The Dollar maintains most of last week’s gain, but the rebound slows

Markets
Going into the weekend, market dominos fell in place for an overdue correction on a stretched metals/USD debasement trade. It’s not clear what domino piece went down first. Gold, silver but also copper already showed signs of vertigo on Thursday. The dollar rebound was at that time still limited, but the greenback gained traction on Friday. The announcement of Kevin Warsh to be the new Fed chair also helped the correction. It removed uncertainty and the new Fed governor maybe isn’t a bad choice concerning the debate on Fed independence. Whatever the trigger, metals including gold, silver copper and others fell prey to profit taking. The mirroring image was a rebound of the dollar. DXY closed the week at 97.00, to be compared with a 95.55 low on Tuesday. EUR/USD closed at 1.1855, returning below the previous top of 1.1919. The correction in safe havens like gold and silver didn’t help US equities. The Nasdaq lost 0.94%. US interest rate markets don’t draw any firm conclusions on Fed policy after Warsh’s appointment. The US yield curve steepened slightly (2-y: -3.7 bp; 30-y: +2 bps). German yields changed less than one bp even as some national inflation data (Spain, Germany) printed slightly higher than expected.

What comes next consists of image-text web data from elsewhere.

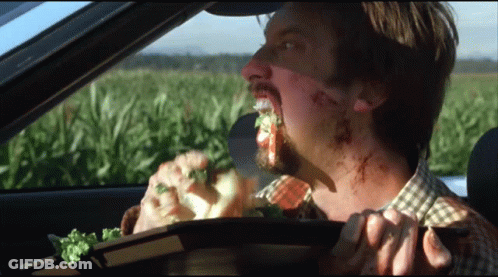 Man In Car Eating Sandwich With Field GIF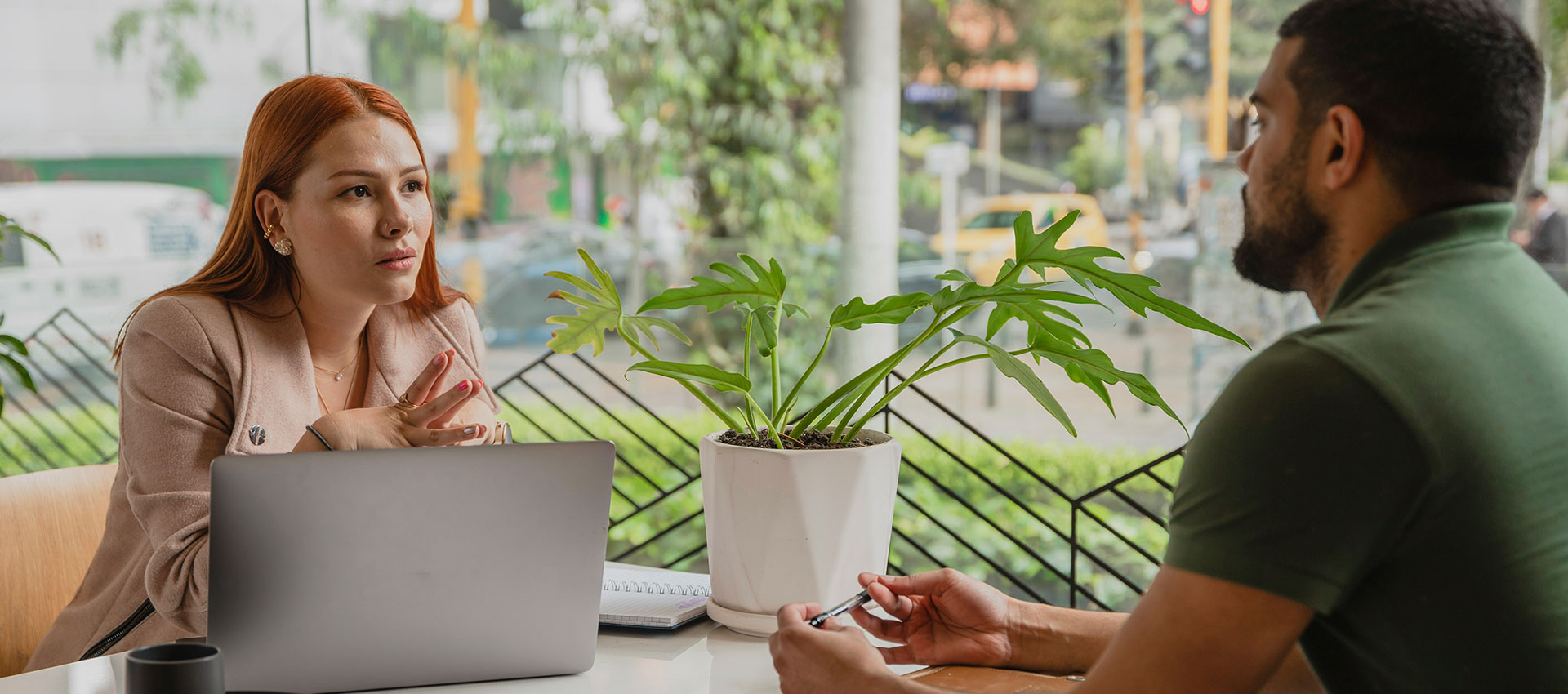 A young woman with red hair sat a desk with a laptop in front of her talking to a man wearing a green polo top with dark facial hair sat across the table from her.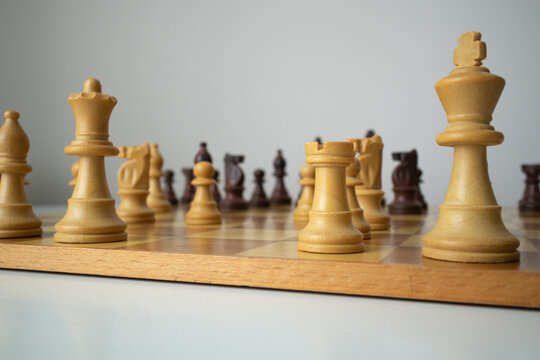 Focus on the white chess rook tower. Angled photo of the board with pieces in perspective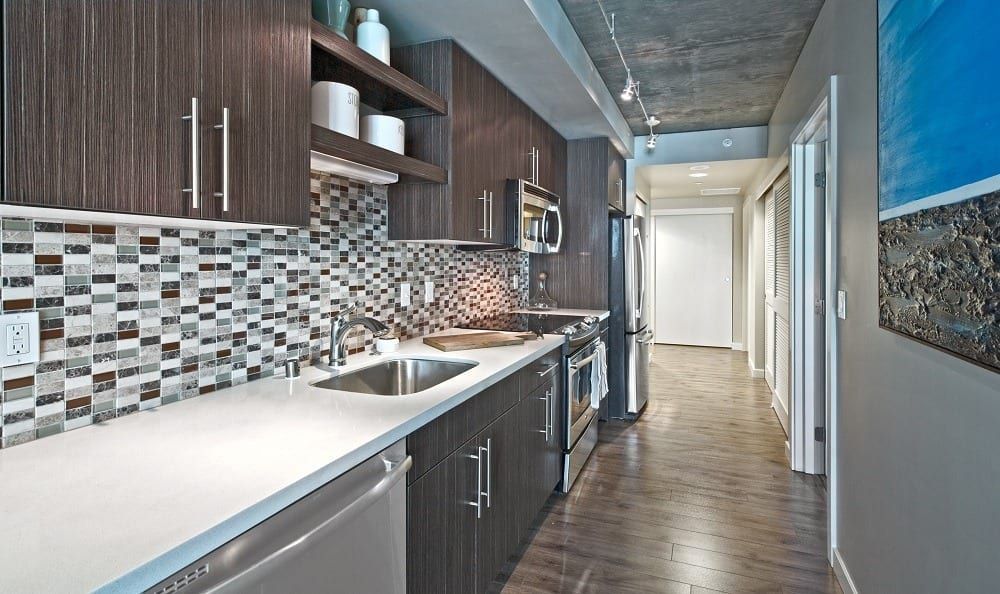 Galley-style apartment kitchen with dark wood cabinets, stainless appliances, and mosaic backsplash.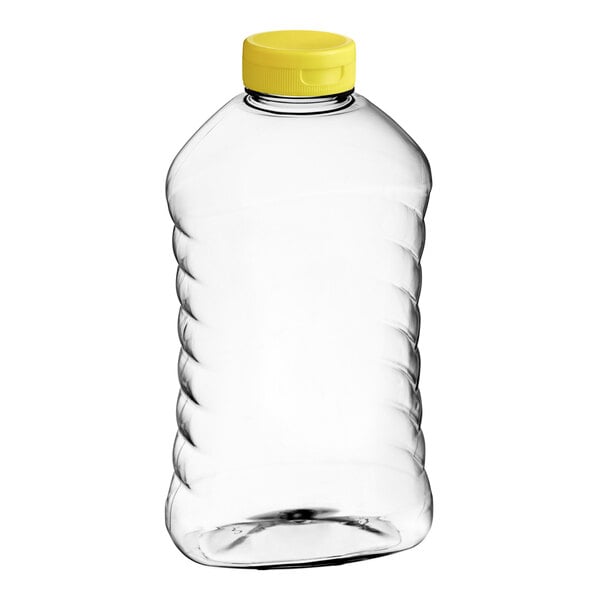 A clear plastic Ribbed Hourglass PET Honey bottle with a yellow flip top lid.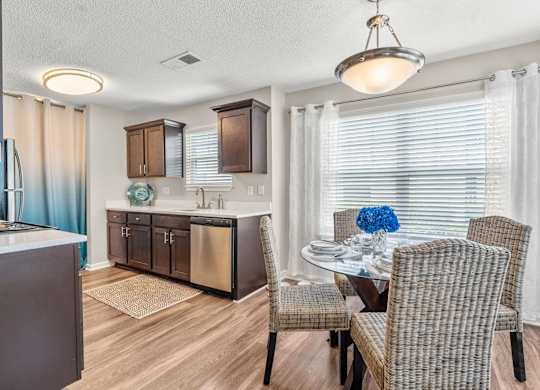 A modern kitchen with a dining table set for two.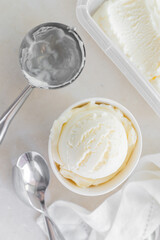 Vanilla ice cream in white cup, marble background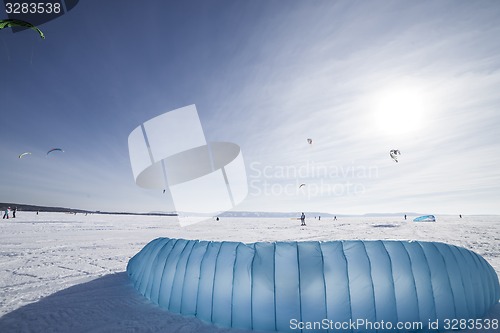 Image of Kiteboarder with blue kite on the snow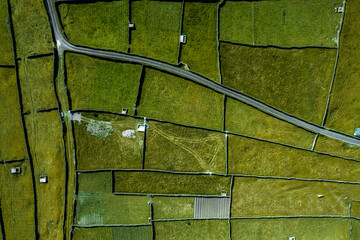 Green grass fields between stone fences of walls. Aerial top down view on meadow. Irish landscape. Aran Island, county Galway, Ireland. Popular and famous travel area. - obrazy, fototapety, plakaty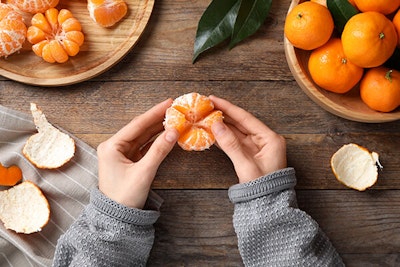 person peeling mandarin oranges summerwinds arizona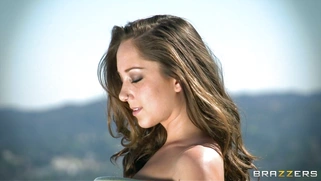 Remy LaCroix having fun with hula hoop outdoor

Friday’s correction in commodities (gold, silver, copper, oil) but also equities continues this morning. The dollar maintains most of last week’s gain, but the rebound slows. Commodity-related currencies (AUD, NOK) are ceding ground. The fate of this repositioning remains the focus for global trading at the start of the week. However markets this week also get the usual US economic update, to begin with the manufacturing ISM (today), JOLTS job openings (tomorrow), ADP job growth and services ISM (Wed) and the payrolls on Friday. Data might (or might not) validate the Fed’s view that the economy is growing at a solid pace and that the labour market stabilizes. Data probably have to be very weak for the Fed to leave its wait-and-see bias. Warsh looking over Powell’s shoulder won’t change that. Last week’s better than expected EMU growth data and national inflation data also suggest the ECB can consider itself being in a good place to watch and see. At Thursday’s ECB meeting, markets probably will look for the ECB’s assessment on recent (geopolitical) turmoil, including the impact of a weaker dollar/stronger euro. We also keep an eye at the policy meetings of the likes of the Czech National bank, the National Bank of Poland and the Reserve Bank of Australia. The CNB will likely keep its policy rate at 3.5%, but is there room left for an additional finetuning cut? The NBP decision probably will be a close call (unchanged at 4% or 3.75%). Also Tuesday’s policy decision of the Reserve Bank of Australia (RBA) will receive more than average attention. Will the RBA (have to) backtrack on earlier easing as inflation fails to return to target as hoped? For the Bank of England (expected unchanged at 3.75%) it’s probably too early to already front run on hoped for easing of inflation.
News and views
S&P raised Italy’s rating outlook to positive from stable and confirmed the rating at BBB+. The rating agency praised the country’s resilience amidst trade and tariff uncertainty, its ability to post net current account surpluses and the continuous improvements in Italy’s net external creditor position. Budgetary consolidation is gradually advancing, allowing for a projected headline deficit below the European Union’s 3% target in 2026. The numbers are still due for release, but it’s expected that Italy’s deficit already dropped below that mark last year. S&P expects debt-to-GDP to have come in at 136% last year. That is elevated, the agency says, but should start to decline from 2028 onwards. Italy is forecasted to grow steadily over the next three years, be it more slowly than peers.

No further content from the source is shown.